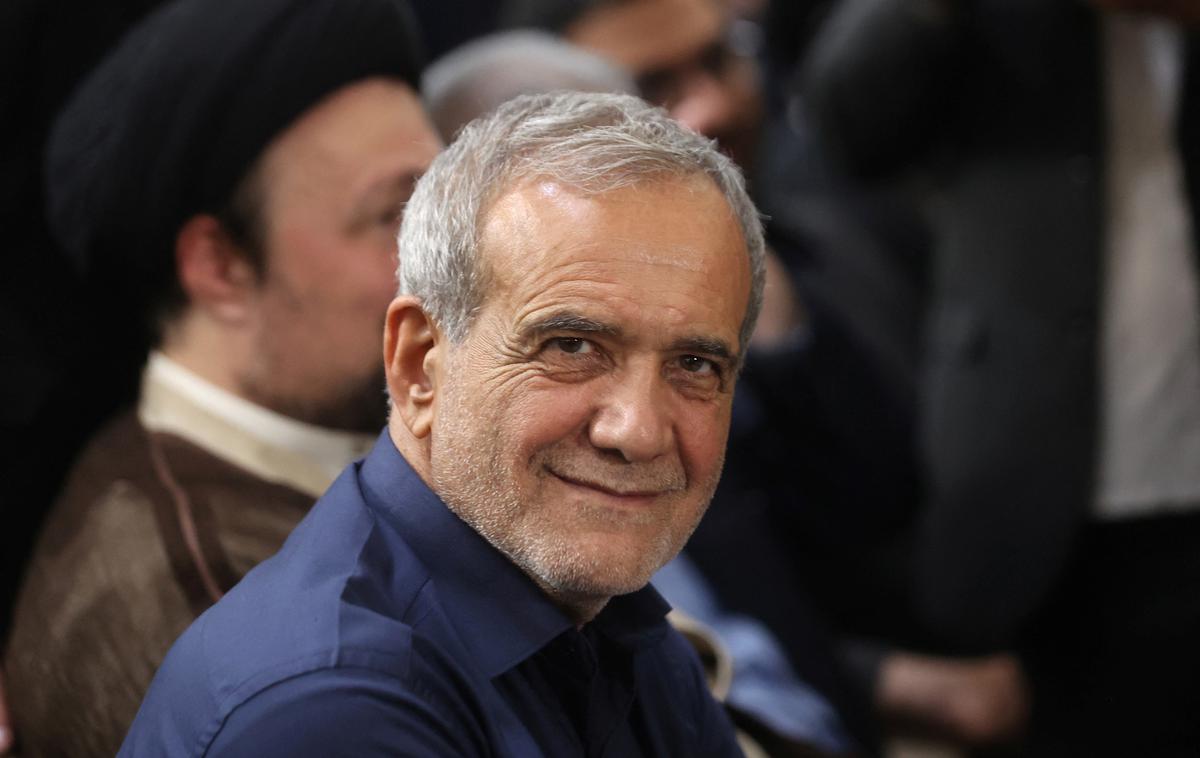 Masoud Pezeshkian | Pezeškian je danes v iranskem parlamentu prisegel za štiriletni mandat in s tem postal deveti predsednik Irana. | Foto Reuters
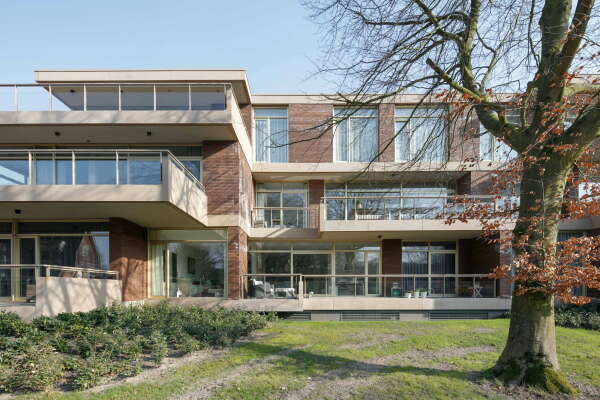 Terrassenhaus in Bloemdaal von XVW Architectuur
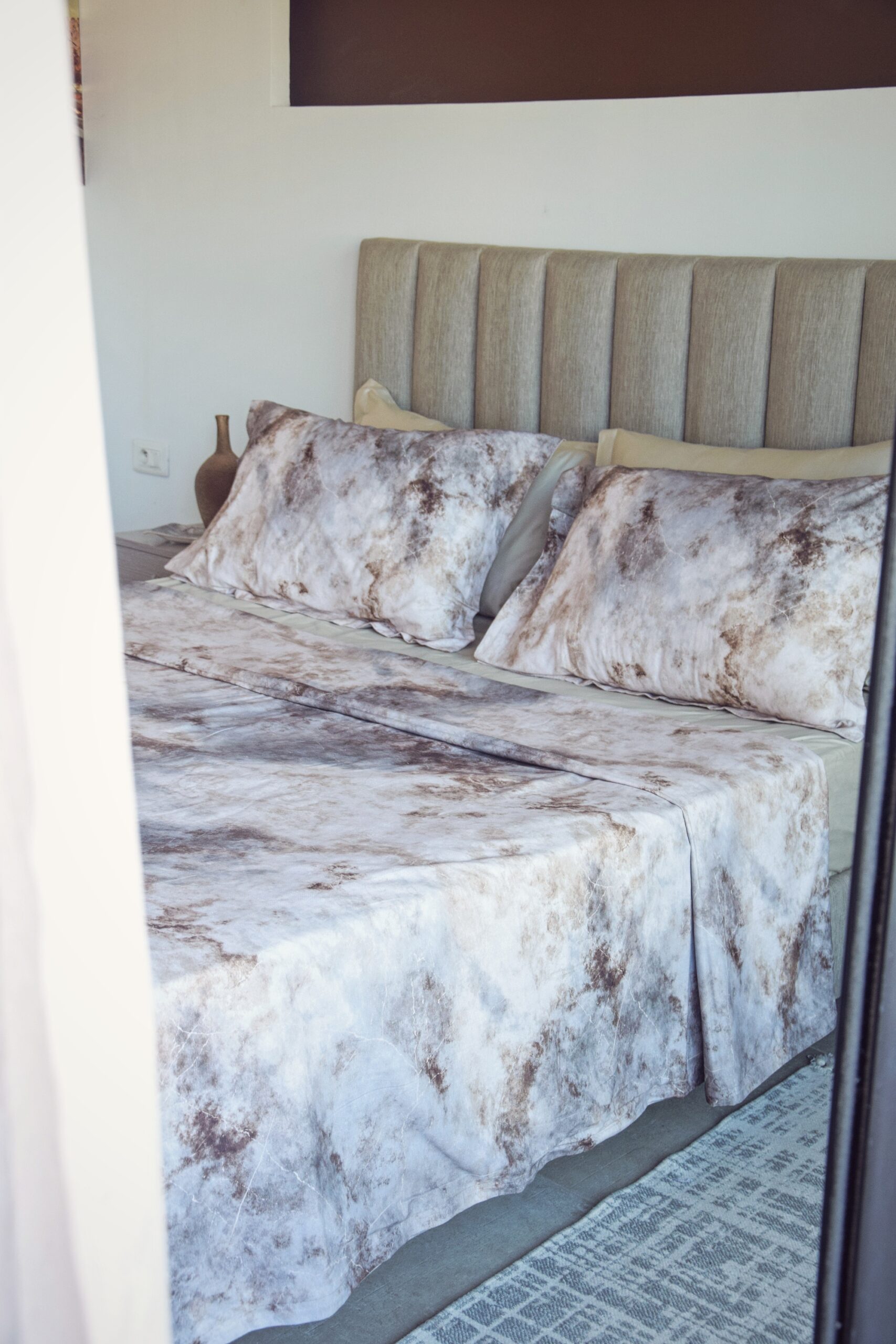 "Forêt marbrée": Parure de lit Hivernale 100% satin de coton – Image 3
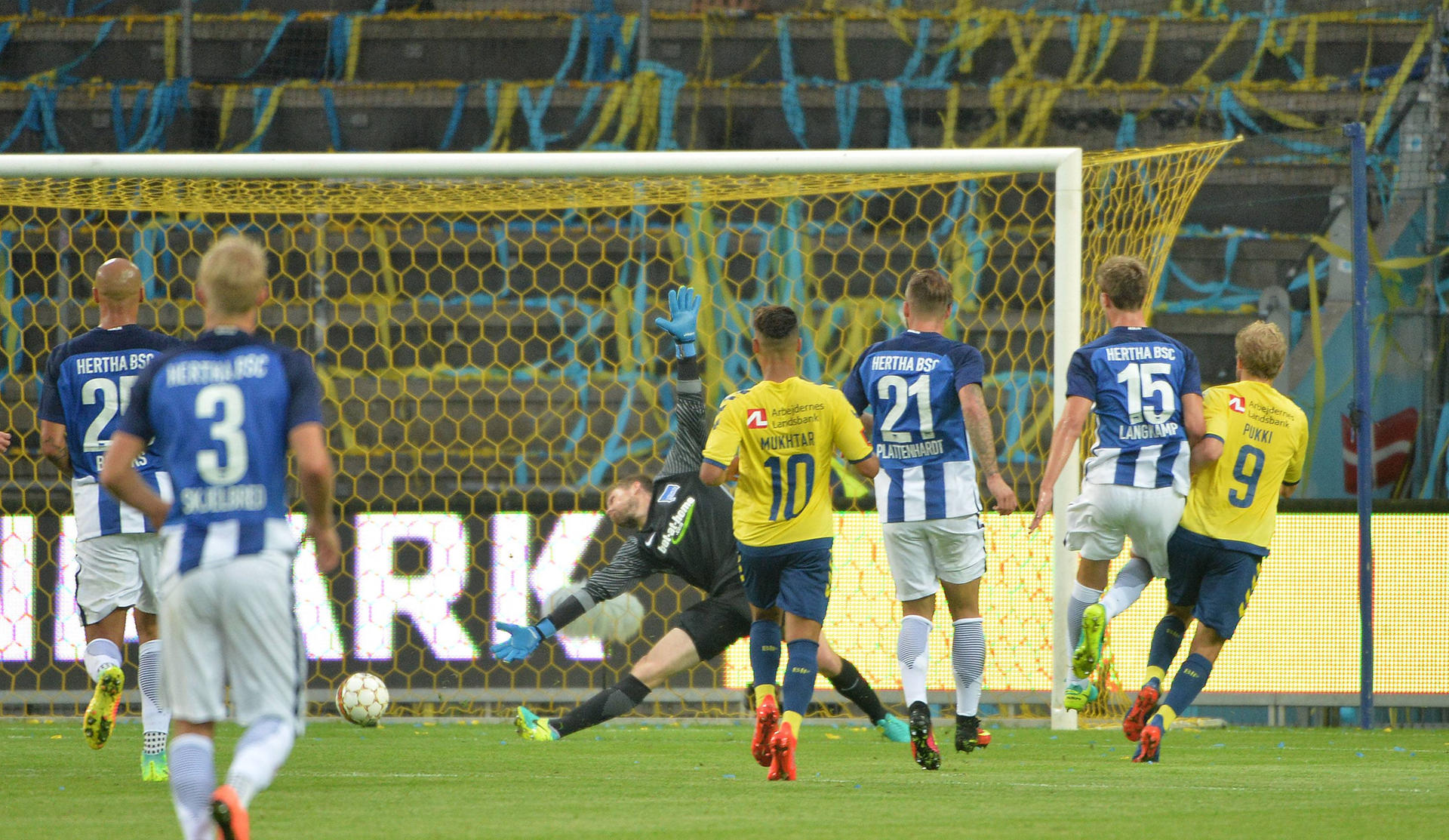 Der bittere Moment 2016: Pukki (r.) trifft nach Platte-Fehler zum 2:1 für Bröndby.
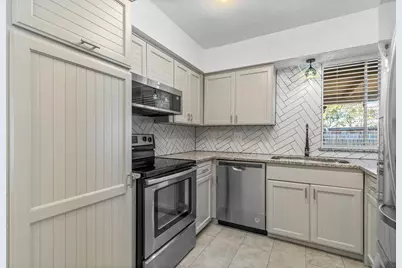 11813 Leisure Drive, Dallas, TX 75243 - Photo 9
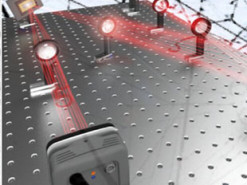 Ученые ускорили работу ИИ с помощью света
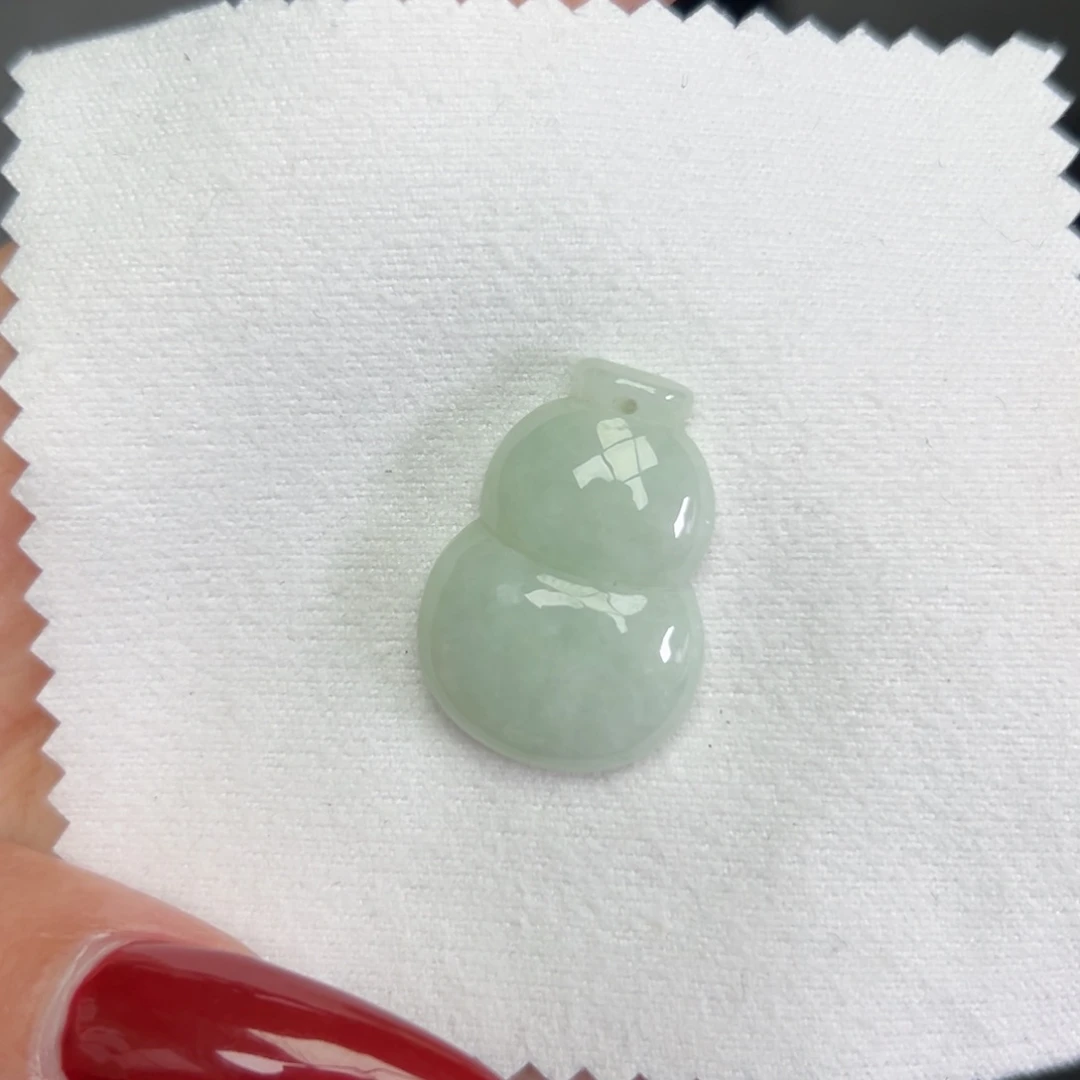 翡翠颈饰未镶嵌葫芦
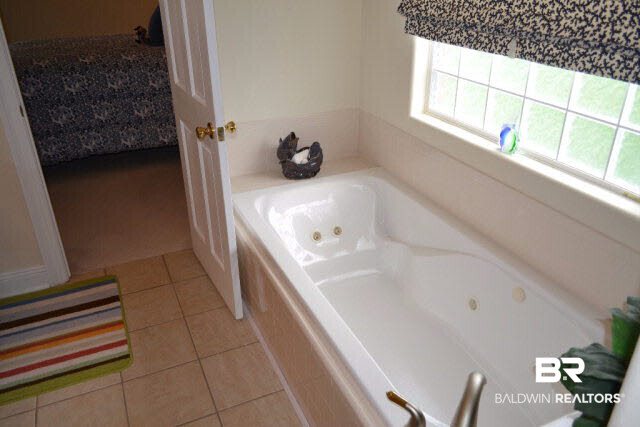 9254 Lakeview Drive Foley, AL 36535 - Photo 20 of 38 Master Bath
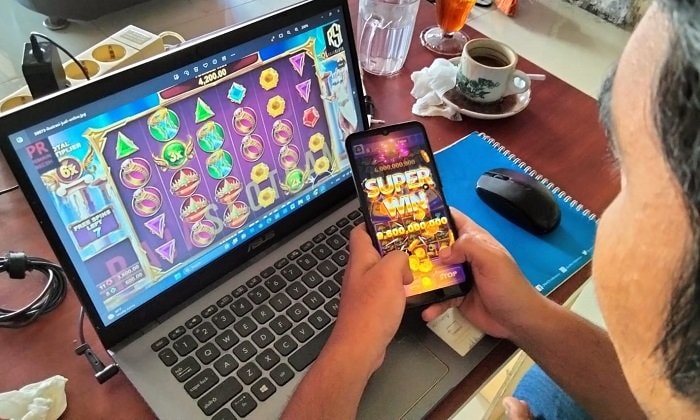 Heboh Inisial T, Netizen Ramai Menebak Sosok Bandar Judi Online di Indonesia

※

=== Exercise aim ===
Except for the pictures, write the data out exactly.

=== Response area ===
 Masoud Pezeshkian | Pezeškian je danes v iranskem parlamentu prisegel za štiriletni mandat in s tem postal deveti predsednik Irana. | Foto Reuters
 Terrassenhaus in Bloemdaal von XVW Architectuur
 "Forêt marbrée": Parure de lit Hivernale 100% satin de coton – Image 3
 Der bittere Moment 2016: Pukki (r.) trifft nach Platte-Fehler zum 2:1 für Bröndby.
 11813 Leisure Drive, Dallas, TX 75243 - Photo 9
 Ученые ускорили работу ИИ с помощью света
 翡翠颈饰未镶嵌葫芦
 9254 Lakeview Drive Foley, AL 36535 - Photo 20 of 38 Master Bath
 Heboh Inisial T, Netizen Ramai Menebak Sosok Bandar Judi Online di Indonesia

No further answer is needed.